Sand animation
Sand animation is a style of visual art that enjoys a moderate level of popularity in Illuminatian popular culture. Sand animation is a kinetic art form that employs material and motion to produce two-dimensional or three-dimensional images and visual effects.
Sand animation first came to the forefront of the popular conscience around AI 150 as a performance-based kinetic art form in which the artist performed the sand animation in-person for a limited audience. The medium experienced a plateau over the following tens of AU before being propelled once again to the heights of popular spectacle first by the medium of cinema and later through the medium of telekinephotographic broadcasting from AI 280 through 350.
Originally during the pre-telekinephotocasting era, sand animation took the form of a large translucent screen on which the movement of sand occurred, often with the audience viewing on one side of the screen and the artist on the opposite side of the screen commonly out of view of the audience. These performances commonly took place accompanied by instrumental music, generally performed by live in-person musicians. The art form—originally conceptualized as a two-dimensional performance with the artist manipulating sand using various tools, brushes, or even their own hand—quickly adopted the use of complex arrays of surfaces over which the sand flowed, driving sand animation into the three-dimensional age.

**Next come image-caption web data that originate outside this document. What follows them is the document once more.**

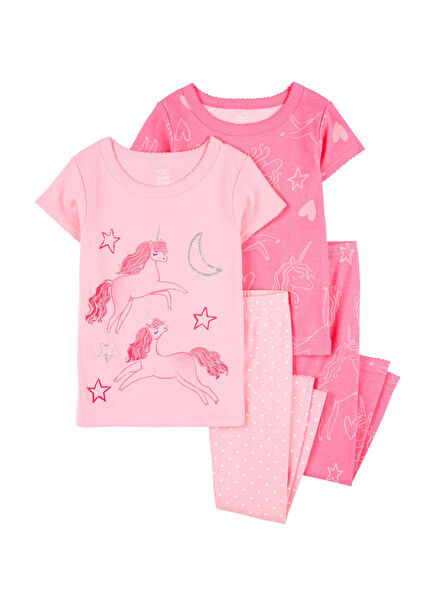 Pembe Unicorn Desenli Kız Bebek 4'lü Pijama Seti 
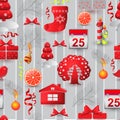 Christmas seamless pattern with tree, house, bird, gift, sock. Royalty Free Stock Photo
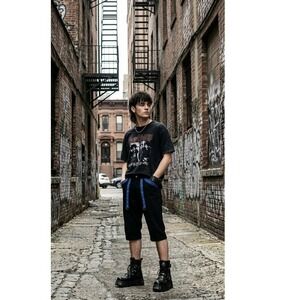 Hot Topic Mens Black Denim Shorts Blue Webbing Grommet Stud Goth Punk Size 30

Cities including Requiem, Birdland, and Sonata were home to Illuminatia's most revolutionary and innovative sand animation artists during this era.
During its second surge of popularity, sand animation adopted techniques of increasing complexity, taking advantage of the medium of cinema and telekinephotocasting to convey diverse audience viewpoints to the viewer. Major telekinephotocasting networks including TI and GWB brought the art form to millions who otherwise could not access in-person performances.
Sand animation almost always utilizes sand of contrasting colors. Differentiated grain sizes are also used, allowing for sand that flows through constrictions and across surfaces at dissimilar rates and with disparate behaviors. The use of water to wet the sand across specific areas of the sand animation viewing surface is a practice that is used occasionally. For performances where the audience is capable of high visual acuity, either due to proximity or as the result of close-ups during filming and telekinephotocasting broadcasts, the use of different sand grain sizes and softer contrasts between colors can be enjoyed.